It's hard to believe that I've been entrusted with two precious souls to lead and guide and care for. I feel so inadequate. Being a mother is such an important job and I learn that more every year.
I didn't have a lot of life skills demonstrated for me as I was growing up. I'm the child of two parents with mental illness. I don't have a great relationship with my mother. I wasn't raised around extended family. I didn't have babies to dote on. Its a wonder I have done half as good a job as I have done!
I'm so glad that every morning I can wake up to start a new day, to work harder, to speak softer, and to love deeper.

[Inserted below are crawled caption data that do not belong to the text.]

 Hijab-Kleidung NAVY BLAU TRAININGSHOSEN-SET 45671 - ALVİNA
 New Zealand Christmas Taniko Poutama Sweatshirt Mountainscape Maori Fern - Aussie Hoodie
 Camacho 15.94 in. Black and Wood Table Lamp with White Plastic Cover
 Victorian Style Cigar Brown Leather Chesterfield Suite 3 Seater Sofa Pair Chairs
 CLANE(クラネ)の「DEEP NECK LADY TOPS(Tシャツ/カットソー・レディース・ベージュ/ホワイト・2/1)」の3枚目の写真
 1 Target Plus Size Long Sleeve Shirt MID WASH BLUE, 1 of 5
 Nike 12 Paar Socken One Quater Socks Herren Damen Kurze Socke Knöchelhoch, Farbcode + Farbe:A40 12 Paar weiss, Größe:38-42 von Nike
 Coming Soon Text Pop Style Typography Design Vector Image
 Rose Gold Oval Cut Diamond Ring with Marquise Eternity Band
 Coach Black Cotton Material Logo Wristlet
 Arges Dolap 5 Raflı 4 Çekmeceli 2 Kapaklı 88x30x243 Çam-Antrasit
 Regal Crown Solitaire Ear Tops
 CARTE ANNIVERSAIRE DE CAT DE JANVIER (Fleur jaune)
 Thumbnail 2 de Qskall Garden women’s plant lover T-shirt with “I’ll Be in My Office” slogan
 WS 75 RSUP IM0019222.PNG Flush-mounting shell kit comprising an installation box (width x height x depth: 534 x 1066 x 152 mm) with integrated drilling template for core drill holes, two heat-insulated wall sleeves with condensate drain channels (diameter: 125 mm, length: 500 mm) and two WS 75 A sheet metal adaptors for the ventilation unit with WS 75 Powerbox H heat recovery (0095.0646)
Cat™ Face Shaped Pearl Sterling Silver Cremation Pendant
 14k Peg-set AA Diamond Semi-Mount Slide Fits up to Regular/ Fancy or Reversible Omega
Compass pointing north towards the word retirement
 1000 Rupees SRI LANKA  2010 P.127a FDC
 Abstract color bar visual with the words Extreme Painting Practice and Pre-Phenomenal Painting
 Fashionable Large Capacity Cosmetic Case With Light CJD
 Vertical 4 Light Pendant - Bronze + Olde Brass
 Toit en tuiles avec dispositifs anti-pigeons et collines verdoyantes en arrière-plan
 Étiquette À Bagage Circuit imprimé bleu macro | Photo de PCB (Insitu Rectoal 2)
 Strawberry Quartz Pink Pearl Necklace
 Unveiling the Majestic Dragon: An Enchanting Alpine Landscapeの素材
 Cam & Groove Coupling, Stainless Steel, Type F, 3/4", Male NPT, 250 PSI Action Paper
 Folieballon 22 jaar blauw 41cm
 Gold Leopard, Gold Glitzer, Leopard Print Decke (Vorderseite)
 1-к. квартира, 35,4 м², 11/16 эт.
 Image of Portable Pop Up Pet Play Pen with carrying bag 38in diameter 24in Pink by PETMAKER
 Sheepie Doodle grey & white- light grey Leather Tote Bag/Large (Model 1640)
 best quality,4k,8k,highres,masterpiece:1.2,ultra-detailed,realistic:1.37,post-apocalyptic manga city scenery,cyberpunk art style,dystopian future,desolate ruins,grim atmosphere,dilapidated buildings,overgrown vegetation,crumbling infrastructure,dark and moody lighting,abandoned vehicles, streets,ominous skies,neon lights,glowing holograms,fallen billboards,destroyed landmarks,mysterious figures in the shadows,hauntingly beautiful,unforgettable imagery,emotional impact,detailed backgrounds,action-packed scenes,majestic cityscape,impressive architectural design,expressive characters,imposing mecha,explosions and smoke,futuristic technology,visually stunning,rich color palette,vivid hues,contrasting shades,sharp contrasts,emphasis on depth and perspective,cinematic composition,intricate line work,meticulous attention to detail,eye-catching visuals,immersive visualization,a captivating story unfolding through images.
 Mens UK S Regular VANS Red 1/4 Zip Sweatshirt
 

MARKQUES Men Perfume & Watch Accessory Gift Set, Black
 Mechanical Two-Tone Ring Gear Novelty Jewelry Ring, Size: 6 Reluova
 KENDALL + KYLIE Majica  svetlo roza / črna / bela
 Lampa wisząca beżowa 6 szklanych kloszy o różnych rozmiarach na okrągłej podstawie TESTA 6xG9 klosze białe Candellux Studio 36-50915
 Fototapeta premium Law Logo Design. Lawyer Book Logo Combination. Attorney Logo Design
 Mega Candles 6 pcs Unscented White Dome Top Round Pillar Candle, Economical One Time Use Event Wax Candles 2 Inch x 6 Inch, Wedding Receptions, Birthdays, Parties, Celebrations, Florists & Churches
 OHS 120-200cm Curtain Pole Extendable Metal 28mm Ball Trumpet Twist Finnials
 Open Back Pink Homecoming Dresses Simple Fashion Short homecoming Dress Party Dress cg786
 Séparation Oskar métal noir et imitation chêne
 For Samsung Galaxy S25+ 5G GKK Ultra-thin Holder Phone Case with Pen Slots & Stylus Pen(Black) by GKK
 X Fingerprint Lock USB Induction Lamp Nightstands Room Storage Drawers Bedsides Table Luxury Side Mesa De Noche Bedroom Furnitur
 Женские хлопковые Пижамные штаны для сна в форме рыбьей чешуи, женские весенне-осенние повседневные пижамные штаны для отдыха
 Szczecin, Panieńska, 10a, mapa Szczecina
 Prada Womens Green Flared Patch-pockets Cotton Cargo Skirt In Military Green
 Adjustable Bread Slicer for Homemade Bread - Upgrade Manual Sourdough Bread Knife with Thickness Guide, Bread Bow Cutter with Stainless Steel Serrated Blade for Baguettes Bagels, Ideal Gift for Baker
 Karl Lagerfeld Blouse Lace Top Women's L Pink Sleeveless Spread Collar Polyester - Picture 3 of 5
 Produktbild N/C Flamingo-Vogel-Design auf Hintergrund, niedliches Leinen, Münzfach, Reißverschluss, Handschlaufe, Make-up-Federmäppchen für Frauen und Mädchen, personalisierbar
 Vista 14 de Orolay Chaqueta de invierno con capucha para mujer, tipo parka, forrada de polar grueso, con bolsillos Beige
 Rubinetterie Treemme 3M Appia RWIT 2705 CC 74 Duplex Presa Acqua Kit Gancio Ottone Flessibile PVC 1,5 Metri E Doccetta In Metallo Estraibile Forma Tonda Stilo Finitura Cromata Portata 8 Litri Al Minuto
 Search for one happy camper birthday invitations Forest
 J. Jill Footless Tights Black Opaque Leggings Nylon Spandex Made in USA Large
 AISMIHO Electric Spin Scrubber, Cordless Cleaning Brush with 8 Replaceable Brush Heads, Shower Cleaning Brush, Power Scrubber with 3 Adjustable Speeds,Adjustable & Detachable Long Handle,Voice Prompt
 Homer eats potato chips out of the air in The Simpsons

These two babies mean the world to me. I see so much of myself in both of them even though they have such different personalities. Some of the things I see in them, I wish I didn't. I see things they learn from me.
These are the things that I wake up every day and ask God to help me with. I know that He keeps working on me, and I pray that He continually works in their hearts throughout their lives.
I cannot think of a bigger blessing than the day that each of them will choose to follow Christ. It's not my job to make that happen; it's my job to guide them and live in a way that they long to have what they see in me.
That seems so daunting after I write those words. I just feel so imperfect and I hope and pray that somehow, they will see Christ in me.
These kids bring me more happiness than I ever dreamed. When I see what they accomplish and how they are growing into their own persons, I am overwhelmed.
There has been nothing else in my life that has changed me as much, been harder, or been more joyful than being a mother.